Objectif : plus de politiques

En 2016, le CCES a publié un « guide d’orientations politiques », pour aider les organismes sportifs du pays à élaborer leurs propres politiques d’inclusion des personnes transgenres ou transsexuelles.

Pour l’instant, les organisations qui ont établi des politiques de ce type restent rares au pays. Au niveau local au Manitoba, la professeure Sarah Teetzel mentionne tout de même les efforts de la Manitoba High Schools Athletic Association (MHSAA), qui a adopté une « politique sur les étudiants transgenres » en février 2015.

Cette politique dit que « tout athlète étudiant transgenre peut participer pleinement et en sécurité » aux activités sportives, selon le genre auquel il s'identifie.

« Notre association voulait être proactive et moderne, et vraiment on voulait juste se concentrer sur l’égalité », explique le président de la MHSAA Chad Falk.
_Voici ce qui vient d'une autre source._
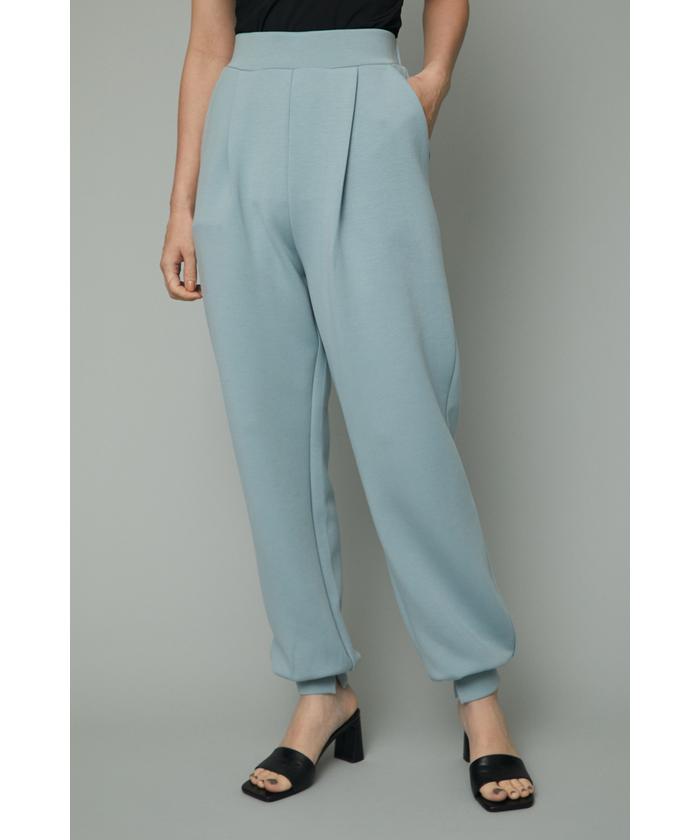 セール】Feels cut aladdin pants(504854795) | ヘリンドット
Selon lui, cela envoie le message que chaque athlète trans de l'association peut se sentir à l’aise en prenant part aux activités.

Mais pour le reste, les chercheurs de l’étude constatent qu’il y a encore du chemin à faire.

Beaucoup d’organisations sportives au Canada, y compris Sport Canada, U Sports, et l’Association canadienne du sport collégial n’ont pas développé de politiques formelles.

Dre Sarah Teetzel, Université du Manitoba

« Les athlètes qui sont au plus haut niveau vont dépendre des normes du Comité international olympique, qui ont d’ailleurs été révisées fin 2015 pour qu’elles soient bien plus inclusives, dit la professeure Teetzel. Mais il faut se rappeler que ça ne s’applique qu’à la participation olympique et donc pas aux niveaux national, provincial, et en particulier récréatif. »

Elle espère que leur étude permettra d’aider à développer davantage de politiques de ce type. Les chercheurs prévoient terminer la phase d’entrevues d’ici la fin de l’année 2017, pour ensuite rédiger des recommandations. Ces recommandations seront d’ailleurs transmises au CCES.